Others argue that the Postal Service is clinging to the building simply because it wants to protect its turf and throw its political clout around. Certainly the building isn’t as important to the Postal Service as it once was. The Farley building once housed 6,000 postal workers. Now there are only 2,400.
Recent visitors say acres of the building are eerily vacant. Moreover, they complain, vast portions of the building are devoted to functions that could easily be relocated, such as a huge mailbox repair facility and a cavernous wood shop. “It’s like some kind of Rod Serling movie,” said Richard Nash Gould, an architect who has been studying the Farley building for the Municipal Art Society.
The P.S.R.C. report includes similarly Kafkaesque observations. It suggests that portions of the building are like “unneeded hallways leading to empty rooms … Bottled drinking
The Postal Service’s Ms. McDonough, however, is adamant that the Farley building still is crucial to the mail delivery throughout the region. “The Farley building is an enormously important part of that network,” she said. “We realize there are other public goods that must be served, but not at the expense of the mail service.”
Crucial or not, the Postal Service seems likely to get its way. Mr. Peck suggests in no uncertain terms that the station planners may be reaching too far. He says the Postal Service is willing to give the P.S.R.C. enough space for the station and that the state agency may be overstating its need for retail space.
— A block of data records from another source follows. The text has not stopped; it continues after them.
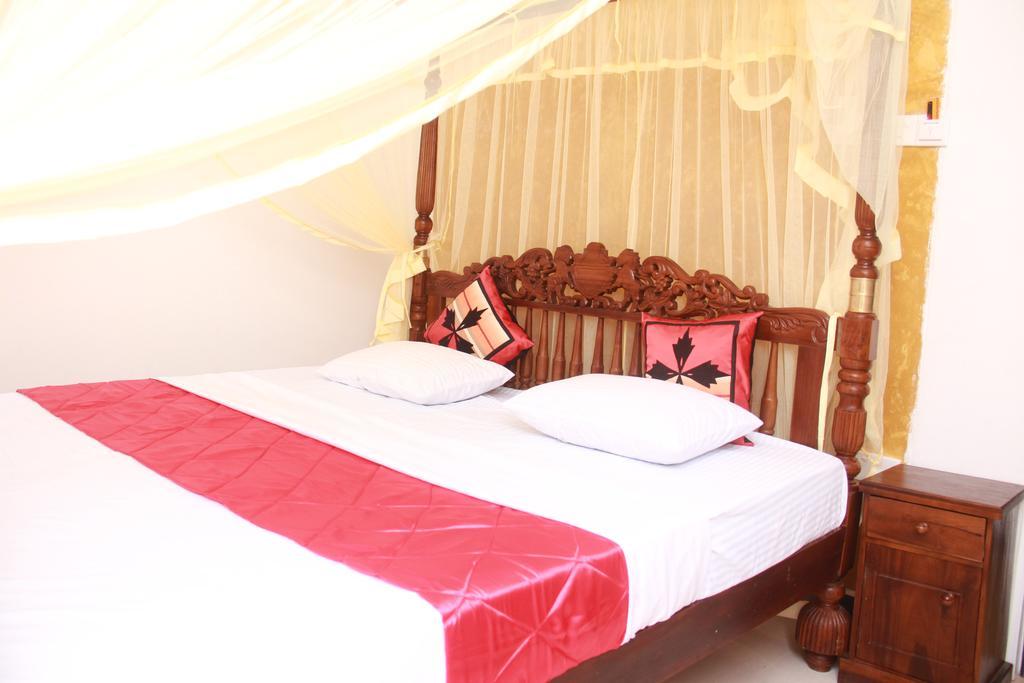 Hotel A One Calm Palace Mirissa
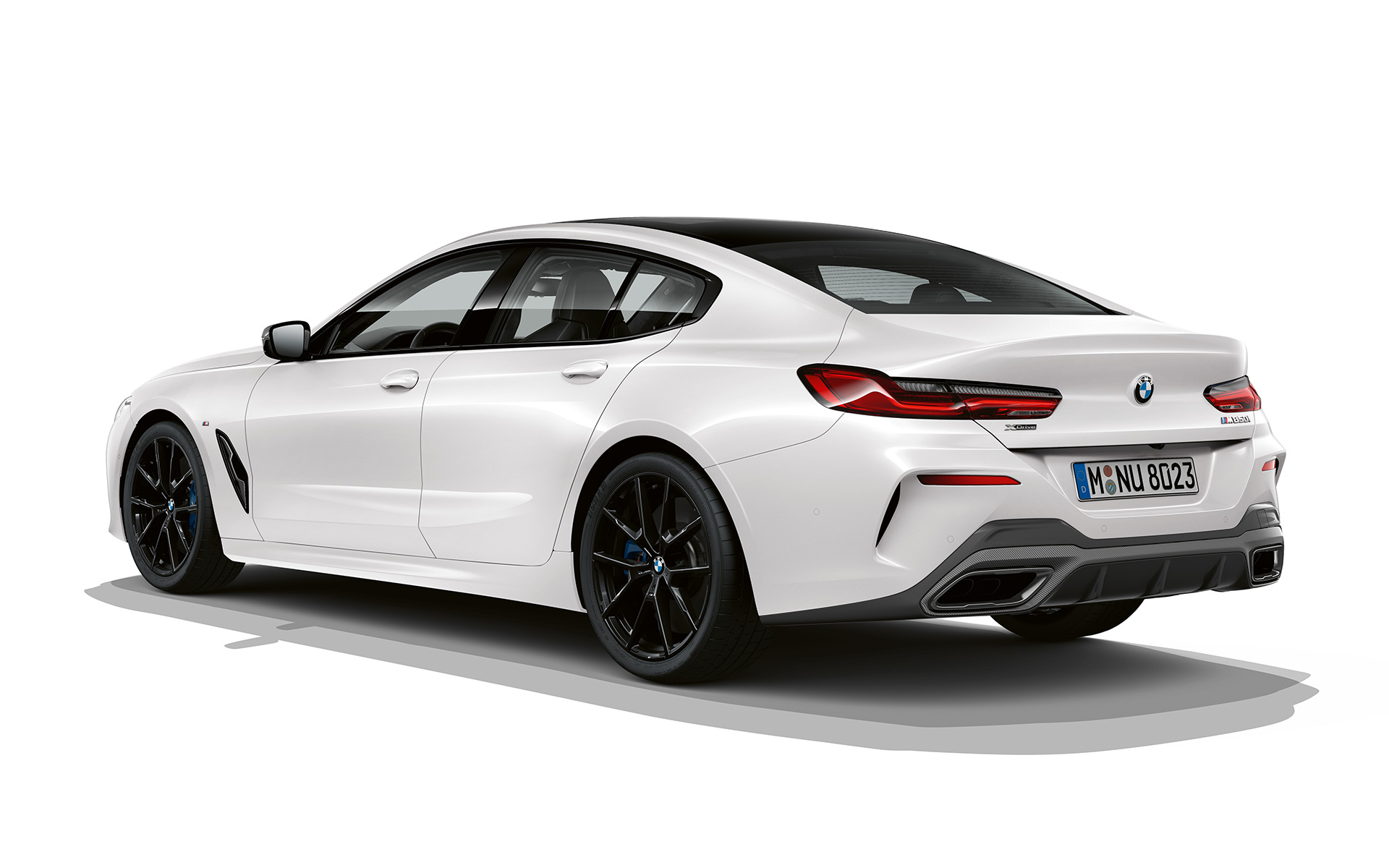 Imagine cu trei sferturi din partea spate a BMW Seria 8 Gran Coupé „Pure Contrast” Imagine cu trei sferturi din partea spate a BMW Seria 8 Gran Coupé „Pure Contrast”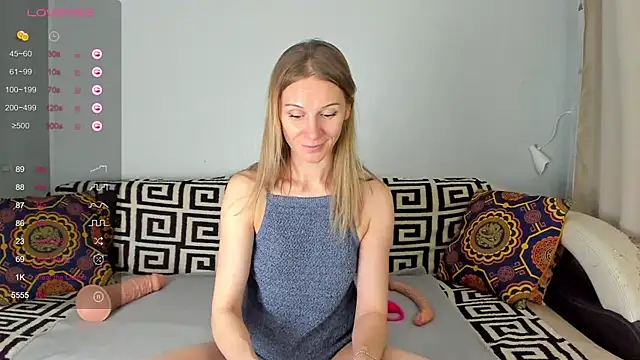 Snapshot of Amalia_Mio chatting on November 14, 10:03 am Amalia Mio online show from November 14, 10:03 am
What’s more, Mr. Peck warns that the Federal funds set aside for the station may be at risk if a compromise isn’t soon reached. “This is a chunk of money that other people outside New York would not mind getting their hands on if they don’t think we are going to use it,” he said. “Senator Moynihan is aware of that. President Clinton is, too. This is something where you think he has lots of other things to think about. But there is not a week that has gone past where I haven’t gotten a call from the President’s office saying, ‘Where are we?'”
All of this would seem to dim the P.S.R.C.’s hopes of getting 50 percent of the building. However, a source familiar with the negotiations said the agency’s attempts to take so much of the building and to relocate many of the Postal Service’s operations there (to a nearby empowerment zone, no less) may still have served a purpose. “There were some recalcitrant folks in the Postal Service,” the source said. “I think that you have to read some of these plans as being designed to put pressure on the Postal Service.”
Small wonder, then, that Mr. Moynihan is suddenly so charitable toward the Postal Service after having such difficulties up until recently. “Now it’s different,” he said. “We’ve gotten to know them, and the whole atmosphere is one of cooperation and career people trying to get their work done.”
But, Senator, what about those troublesome loading docks? Mr. Moynihan answered with a weary sigh: “Oh, give them some time.”